Warren stands up. “Ade, what time is it?”
“5:37 a.m.,” Adrian says from up ahead.
“All right, we’re running a little late from all the excitement,” Warren says. “Let’s move. The other groups will be waiting for us.”
“Yes, sir,” Robert says, getting control of himself.
A twig snaps in the distance.
Warren stands up. “There’s something else following us.”
Warren’s gigantic dark-blue hand pats Robert on the shoulder. He fights to stay upright against the impact.
“We won’t always know what we’re getting into. Place is called the New Frontier for a reason. And there’ll be plenty more days like today. But we’re tough. The future’s on us. We’ll get it done.”
Chapter 2- Smoke and Mirrors
In a tiny stone bedroom far below the earth, a gray stone nightstand sits beside a heap of dirt cobbled together into the shape of a bed.
The gray stone walls begin to rumble and groan. The dirt heap shifts. A pink crystalline hand emerges from it.
Clumps of dirt roll onto the floor as something a foot or two across rolls around just below the surface. A boxy pink young adult crystal sits up and yawns. He stretches two rather thin arms, each one anchored to the center of either side of his square body. On the front surface of the crystal, two purple octagonal eyes come to life beneath a handful of narrow crystals shooting straight up from the center of his head.
“Time to get going, Geo,” he says to himself, his eyes half open.
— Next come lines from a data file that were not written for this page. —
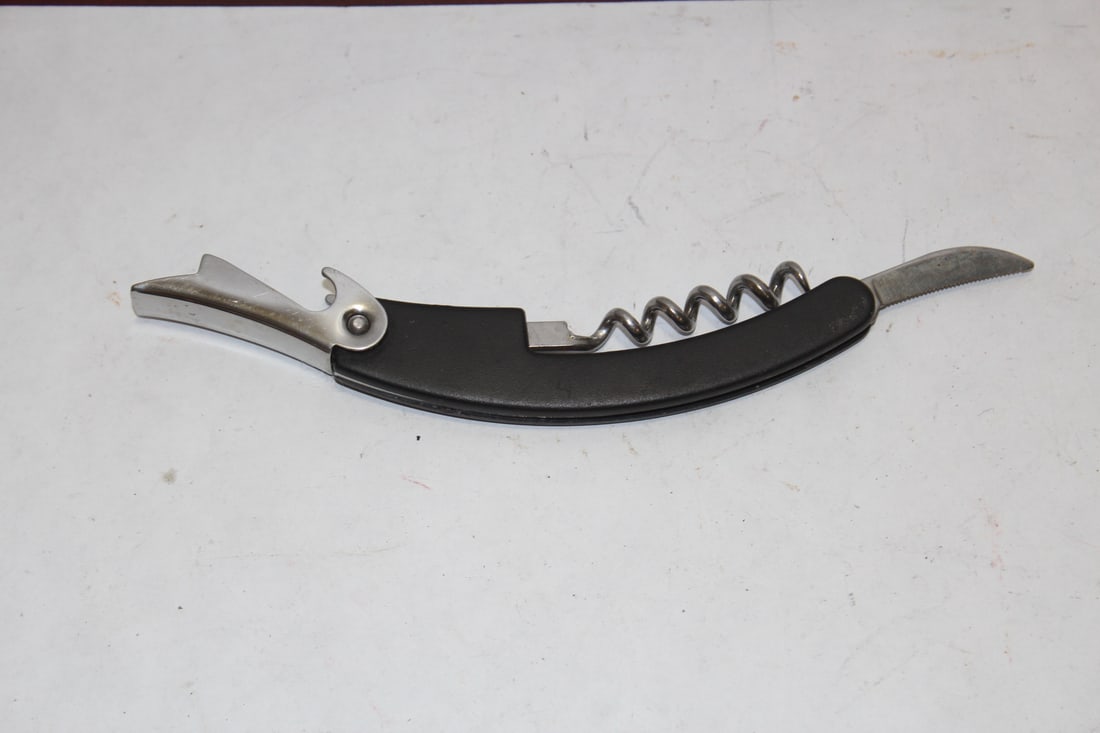 A Utility Knife: 4 3/8" long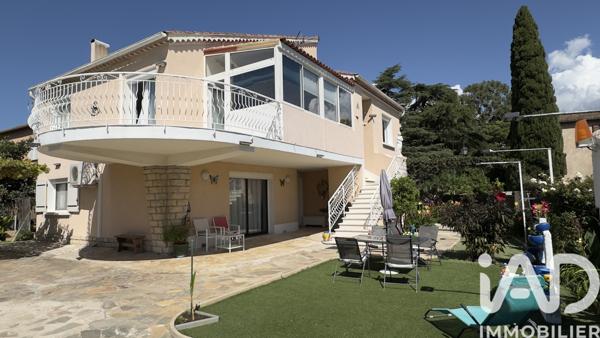 Maison à vendre 7 pièces 187 m² Hyères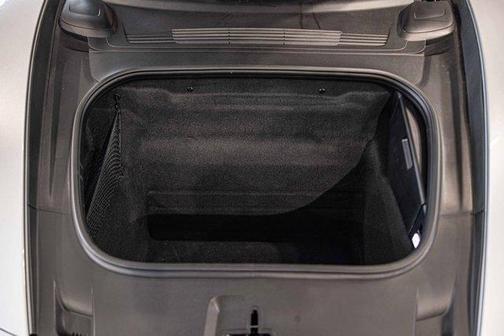 2022 Porsche 911 Carrera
He turns to an alarm clock on the bedside table.
4:29 a.m.
The heap of dirt calls out to him.
He closes his eyes and lies back down.
The clock ticks.
4:30 a.m.
A hideous alarm goes off, and a cloud of black smoke bursts from the clock.
The smoke burns his eyes.
Geo hits the snooze button and buries himself again, leaving the few thin crystals atop his head poking through the dirt. At the bottom of the pile, a pair of thin pink legs sticks out onto the floor.
“Five more minutes. . . .”
A streak of light breaks through a window on the far side of the bedroom. Geo peeks out of the dirt and checks the clock.
4:57 a.m.
“Still enough time. I can still be up there before Warren and the others if I hustle,” he says to himself.